Excerpts Series: Cultural Competency in the Workplace
Cultural Competency in the Workplace is a training we offer at CDP. Below is a brief overview - an excerpt - from this training. Find out more about this important training by clicking on the image below or the button at the bottom of your screen.
Let’s give a definition to Cultural Competency. This is certainly not the only definition. If you Google you can find lots of different ideas about how to define competency, but for our purposes of moving forward with this subject matter, I want to give some definition around Cultural Competency. It’s really the idea of being proficient or having excellence in this area of addressing another’s culture or customs, needs and expectations when they’re different from our own. When we talk about the idea of competency, we’re really talking about building awareness, knowledge and skills in a way that we can appreciate and address others who are different from ourselves. We want do this in ways that are respectful and allow them to fully realize their culture and their customs within our organizational structure.
Cultural Competency in an organization really starts with the individuals within the organization. We can’t have a good conversation around Cultural Competency if we aren’t reflecting on where we are individually, as well as where the individuals are within the organization, as it relates to competency.
Culturally competent individuals are people who value diversity, who are regularly conducting assessment of self, to see where we are in terms of our own cultural competence and learning how to manage the dynamics of difference. I love that term - dynamics of difference - because we are not moving toward sameness, rather, we are looking at - how do we manage the dynamics that present when we are different from each other?
Culturally competent individuals also acquire and institutionalize, making cultural knowledge a part of the structure of their institutions and organizations. Culturally competent individuals are able to adapt to diversity. As our communities become more diverse we need to have the skills that will adapt to the diversifying culture in our communities. We need to put some skills behind this. One really important aspect that we will hit on several times through our time together is that we’re not looking at this being a “checked box”. We aren’t ever going to arrive in terms of us being culturally competent individuals.
This is a journey and it’s a process. It’s a continuum that we’re moving down. As our communities become more diverse, this is a process that we’re going to constantly be changing and evolving. As we look at different cultures that are moving into our communities and we recognize that people have differences, we will want to put some processes in place. We want education and awareness infrastructure in place so that we are constantly adapting to the diverse culture that’s presenting in our community and hopefully in our organizations.
Culturally competent individuals are able to adapt to diversity of all kinds and the cultural context of the communities they serve. This what we’re really trying to get a handle on and understand. We’re moving down the continuum, we’re moving into a process and committing to a journey to constantly look at how we can continue to evolve into culturally competent individuals.
When we have individuals that have an awareness, have a skill set, have a knowledge about all the issues of difference and how to integrate those into our personal journeys, we are going to create, as a by-product, culturally competent organizations. We’re looking to create and foster an organizational environment, where everyone is free to express their own culture.
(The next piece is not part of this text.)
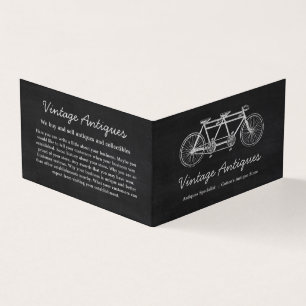 Tarjeta De Visita Bicicleta de tándem y calkboard, distribuidor de a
That’s what we’re moving toward as organizations - creating and fostering, maintaining, developing and retaining an organizational environment - where everyone is free to express their own culture.
That’s where we’re putting some definition around culturally competent organizations, which is the context by which we at CDP are really committed to helping you as nonprofit organizations grow in this area. It’s really important that we put some attention to this area of creating culturally competent organizations.
In order to develop or even look at this issue of Cultural Competency there are a couple of core beliefs that are really important. If you do not have these beliefs, you’re not going to make a lot of headway in moving the organization forward or in moving yourself forward in individual Cultural Competency.
Two things I believe are critically important to understand, that are core beliefs to being able to have good conversation and to move in the direction of cultural proficiency:
1) One of the tenets that we have a CDP is that your nonprofit organization should reflect the communities that you’re in and serving. When we do Board trainings we talk about this issue a lot - that your Board should be reflective of the community that you serve and in the context of Culture Competency your organization, as a whole, should reflect the community that you are in and serving. When we talk about 501(c)(3)s and nonprofit organizations one of the basic understandings of nonprofit organizations is that they are to provide public benefit. You are given tax exemption because your organization is providing public benefits. In order for you to provide public benefits, you need to be reflective of the organizational community that you’re serving.
If you are located in a particular community you need to be understanding the demographics of that community and your organization should reflect that. So in the context of looking at cultural differences, we need to be very cognizant of the different cultures that make up our community and our organization should reflect that. You have to accept that as a core belief before any conversation around Cultural Competency will make sense. The first core belief is that organizations, nonprofits, should reflect the communities that they are in and serving.
2) Secondly, organizational culture should respect people as individuals. If we can get those two beliefs clear and we can say, “Yes, those are important to me and I value them,” then we can move forward into the larger conversation of Cultural Competency.
So, we should reflect the community that we’re serving and we should respect people as individuals within our organization. Those two things are key to even move forward into this conversation of Cultural Competency.